И только в «догматическом» тексте Триер соблюдает все правила жанра манифеста. В нем четко обозначены действующие лица: кроме самого Триера, в составлении документа принимал участие Винтерберг, что уже указывает пусть на малочисленную, но все-таки творческую группу. Вместо лиризма и поэтической отстраненности – качеств, игравших не последнюю роль в «Е»-текстах, – приходят четкие (пусть и запредельные) задачи, которые призвано решить движение. Выполнена и другая цель классического манифеста: намечены тенденции, с которыми намерены бороться «догматики». Наконец, Триер выбирает акционный способ донесения этих тезисов до публики (листовки красного цвета, разбросанные по театру «Одеон»). Разница с «Е»-манифестами получилась колоссальная!

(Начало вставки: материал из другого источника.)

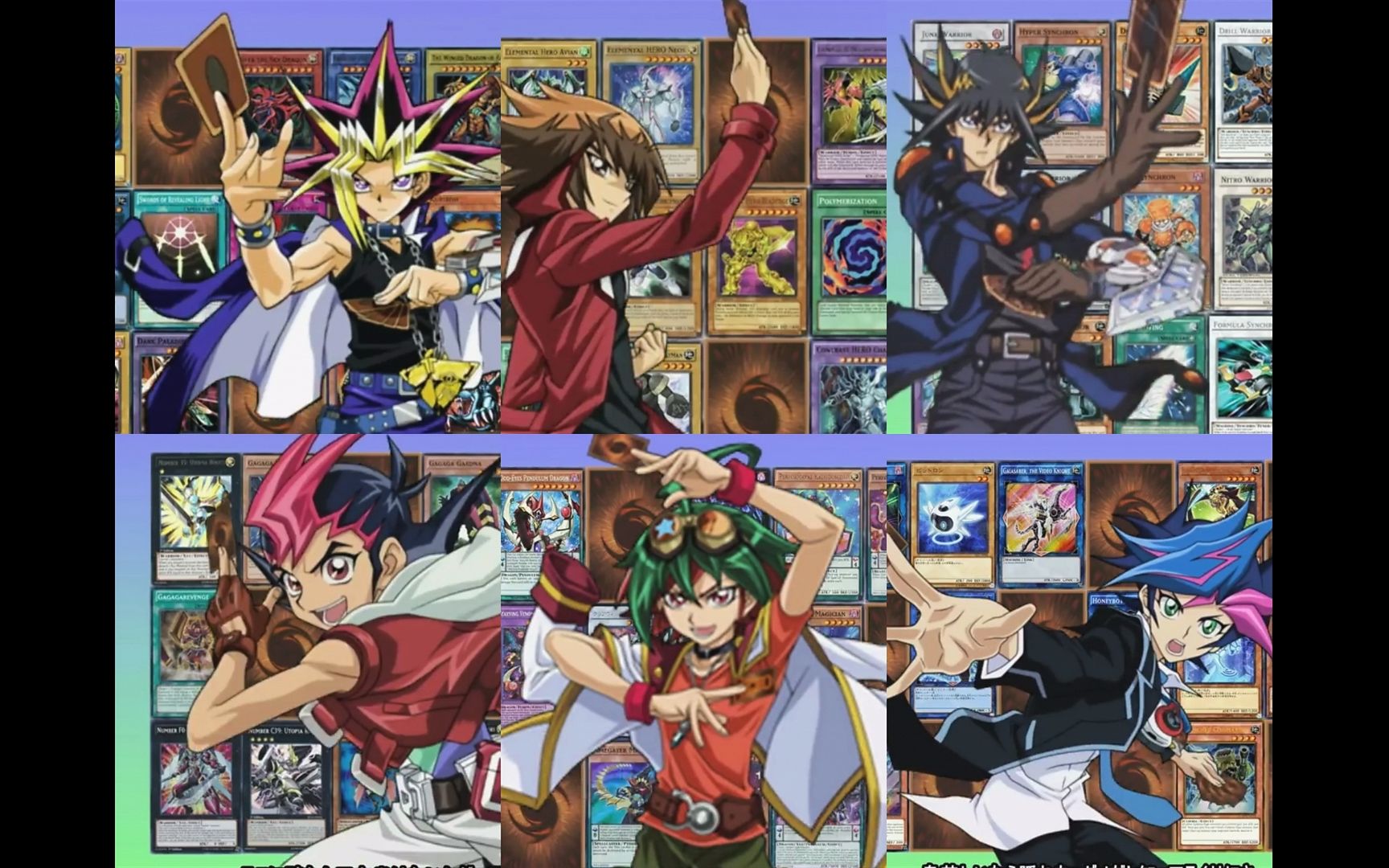 [六代同堂] 当你尝试用《流浪地球》的片尾曲剪游戏王mad的时候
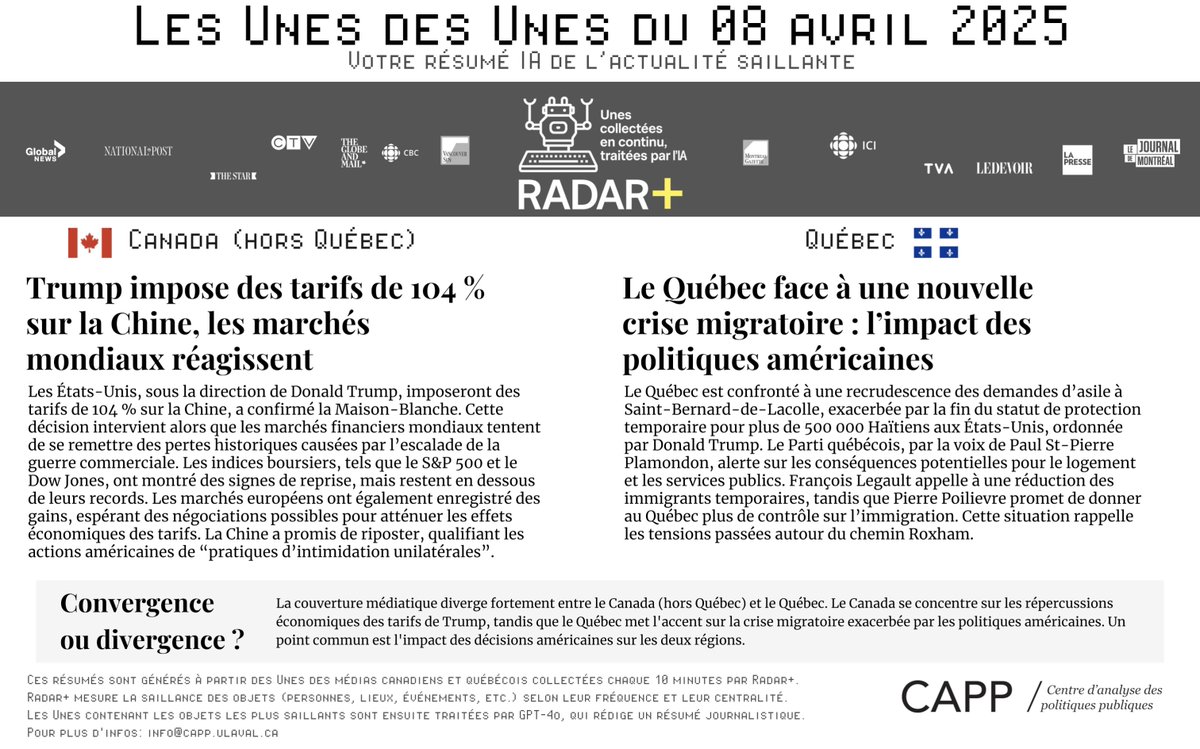 CAPP-Université Laval tweet media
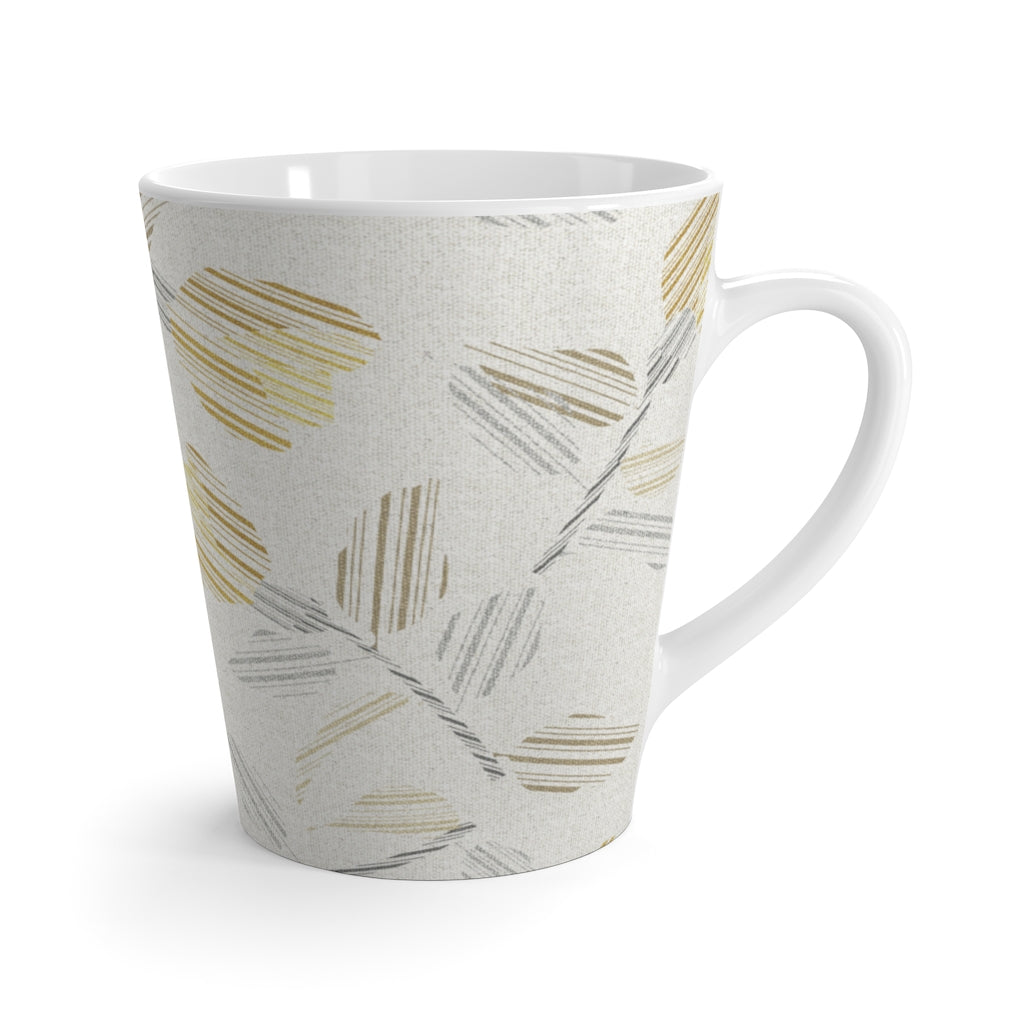 Riverbank Code Latte Mug in Yellow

Но дальше режиссер делает следующий шаг, который состоит в отказе от модернистского проекта – той фундаментальной культурной парадигмы, что подарила миру этот жанр в его устоявшемся виде. Приведем в пример историю немецкой художественной группы «Мост» (она зародилась в 1900-е годы). Эта группа включала в себя родоначальников немецкого экспрессионизма и распалась, просуществовав целых восемь лет, после того, как Людвиг Кирхнер написал «Хронику ГХ Мост». Прочитав сформулированные цели и задачи группы, фактически готовый манифест, эти художники вдруг обнаружили, что цели и задачи их абсолютно расходятся. Не найдя точек соприкосновения, они прекратили совместную деятельность, хотя по отдельности сохранили верность выбранному направлению в искусстве и продолжили заниматься тем, чем занимались до распада. Можно ли допустить похожее развитие событий в случае с основателями «Догмы»?

Как и в любом творческом объединении, внутри группы не раз возникали споры, недопонимания и обиды. Но вряд ли само движение могло стать тем камнем преткновения, из-за которого участники окончательно разошлись бы и перестали подавать друг другу руки. Эти разногласия носили подчеркнуто игровой характер, а символическое поле консолидации режиссеров не проникало в сферу их личных убеждений. Более того, как мы помним, сам конфликт был жизненно необходим «Догме», и, разрабатывая «Обет целомудрия», Триер поставил в неудобное положение прежде всего себя.

Его одержимость контролем известна как в повседневной жизни, так и на съемочной площадке (в актерской среде он иногда слывет тираном, в чем и сам не раз каялся). И вдруг, составив свод из десяти правил, Триер наступил на горло собственным принципам: отказался от всех изобразительных уверток, технических подпорок, которыми полна «Е»-трилогия. По сути, изгнал со съемочной площадки декораторов и реквизиторов, поставив себя в очень уязвимое положение. Он оказался режиссером со связанными руками, который не имеет права даже на имя в титрах и позволяет событию свершаться так, как заблагорассудится. При этом на самобичевании «догматист» не остановился и довел игровой принцип «Обета целомудрия» до логического завершения, применив на своем коллеге и добром друге.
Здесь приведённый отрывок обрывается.